Abstract

Abstract Evaporation of sessile droplets gives rise to internal flow that, in turn, affects drastically the deposition of the suspended particles on the substrate. Analytical expressions for the flow field are used to compute the local velocity inside an evaporating two-dimensional droplet as a function of position and time of evaporation. Trajectories of a sample of suspended Brownian particles are computed along the progress of the evaporation process and terminate upon collision with the solid substrate. Traveling particles are allowed to interact with the evaporating free surface and are either rebounced into the main body of the droplet or float on the surface until they are collected on the substrate.

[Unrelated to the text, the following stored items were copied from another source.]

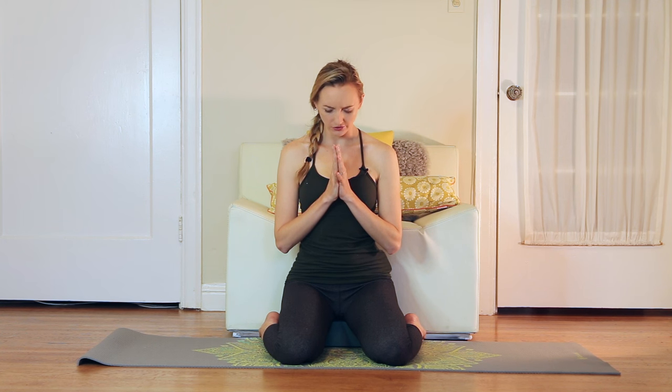Take the palms now to press together at heart center, dip the chin. Just a gesture of gratitude for taking this time out of your busy day to pause. Come to your practice and gently open your eyes. Thank you so, so much for practicing with me. Make sure to comment below and let me know how this meditation went for you. Huge thanks to Yoga Outlet for making this video possible. Remember, you can get details on all the things I'm using in these videos in the description below. Make sure to subscribe to my channel if you haven't already to support free yoga online. From my heart to yours.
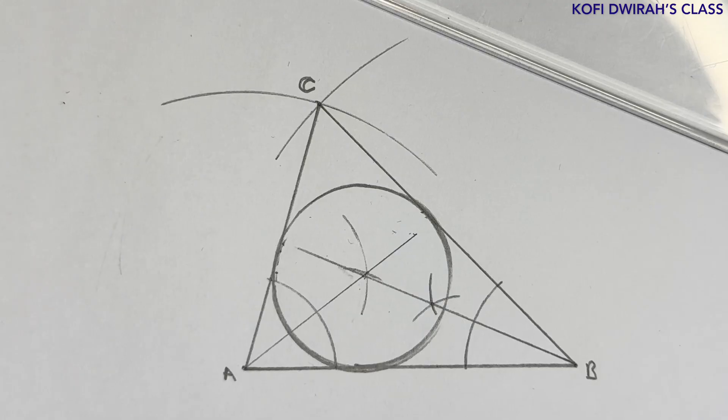So that's how to draw an inscribed circle to a triangle. Thank you very much for coming to this class. If you are new to this channel, please subscribe to be part of this class. For my subscribers, thank you very much for your support — I really appreciate you all. I will see you in my next class. Bye bye.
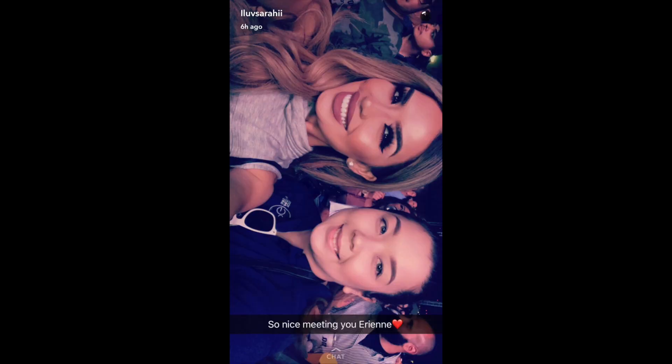Hi guys, welcome back to my channel. Today I'm going to be showing you how to get this purple smokey eye using the I Love Sarai Colourpop palette. I actually had the opportunity to meet Karen about a few months ago — she was so sweet and so beautiful in person. Congrats Karen, and this eyeshadow palette is so cool. If you want to see how I got this purple smokey eye, just keep watching.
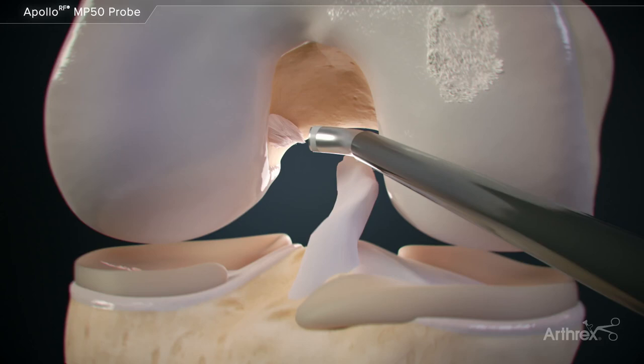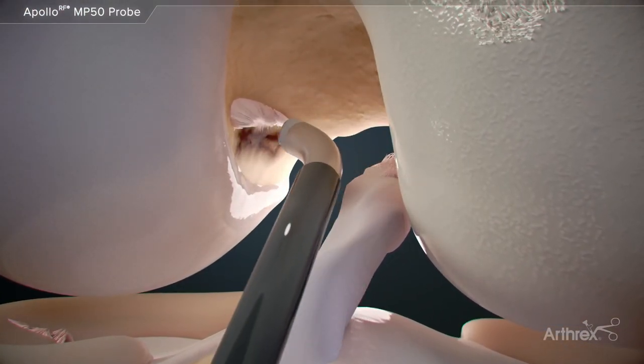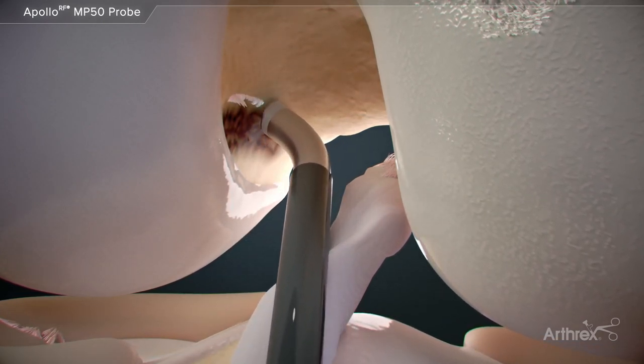The MP50 can be used to help prepare the femoral notch for notchplasty procedures and can be used to mark the ACL origin for reconstructive procedures.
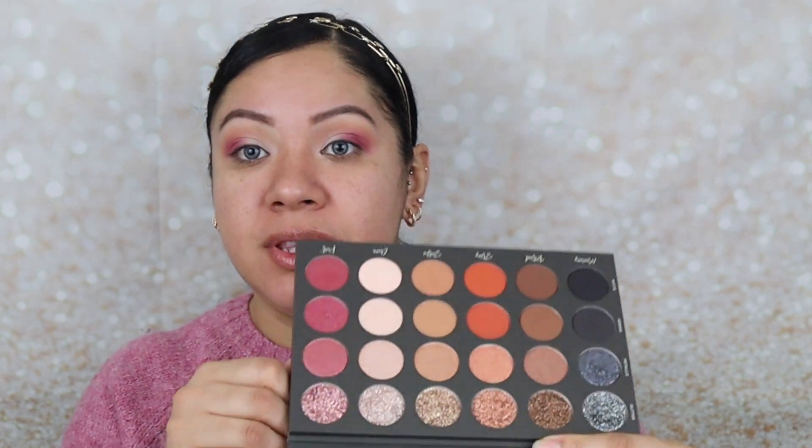Now I'm going to go in with my finger and go into the Aura Glitter — this shade right here. Wow, that is stunning! That is really stunning, so beautiful. Now I'm going to go back in with the Luxie 227 and with no additional product, just blend whatever is on the brush into that glitter shade so it can blend nicely, doing it very softly so the glitter doesn't go anywhere else.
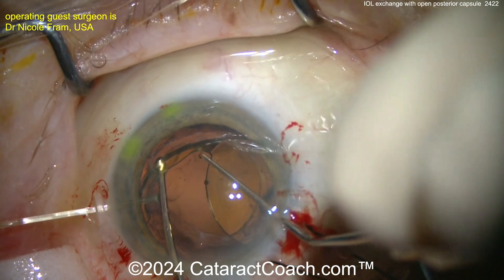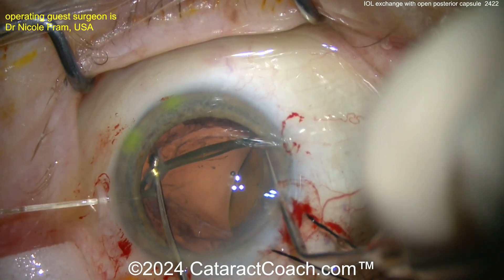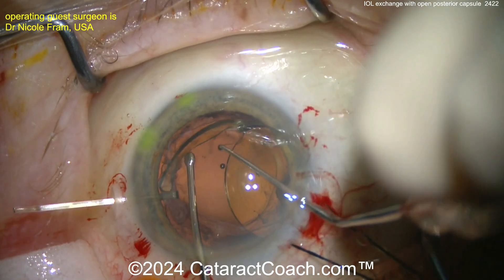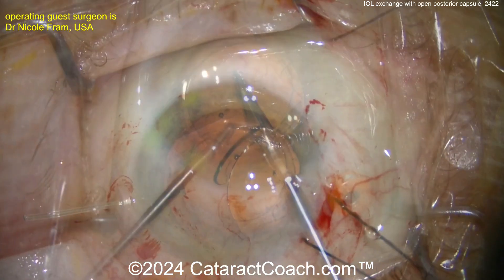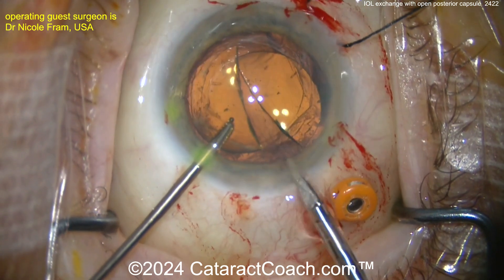You can see a beautiful job here, slowly dissecting out that IOL. Now I know what you're thinking — the posterior capsule is open, so how are you planning for the new lens? Well, you're obviously going to do a sulcus-based three-piece IOL with haptics in the sulcus, and hopefully you get the optic capture through the rhexis.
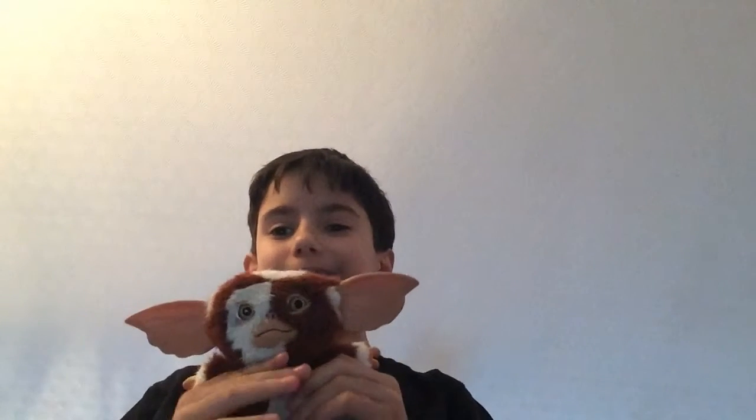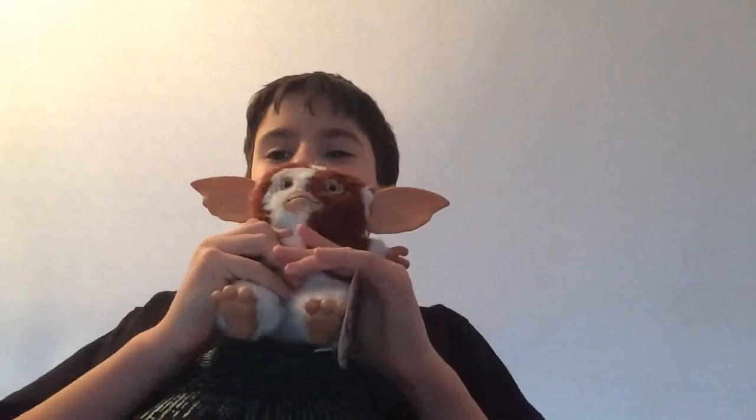Hey guys, so this is my Gremlins Gizmo Plus that I got for Christmas. I really like the movie Gremlins — it's a really old movie, I think it was from 1986. I watched Gremlins the movie and Gremlins 2: The New Batch.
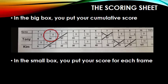Let's take a look at Tony's score. Tony is in the second frame. For that frame, he knocked down six pins. In the first frame, he had eight, so we add eight plus six to get 14. His score is cumulative — he has 14 in the second frame because he knocked down eight in the first frame and six in the second frame.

The dependence of the diffusion coefficient on the distance from the substrate is taken into account giving rise to anisotropic diffusional effects that, however, are shown to affect slightly the deposition rate profile except in the case of flow-dominated transport. Results for hydrophilic and strongly hydrophobic substrates are presented and the conditions for the development of the two-dimensional variant of the famous “coffee stain phenomenon” are investigated. Comparison of the simulated deposition profiles with the corresponding predictions of a convection-diffusion lattice–Boltzmann model revealed excellent agreement for various Peclet number values. Simulation of stick-slip evaporation leads to well-defined multiple stripes, the density of which depends strongly on the difference between the initial contact angle and the angle at which the slip step is activated.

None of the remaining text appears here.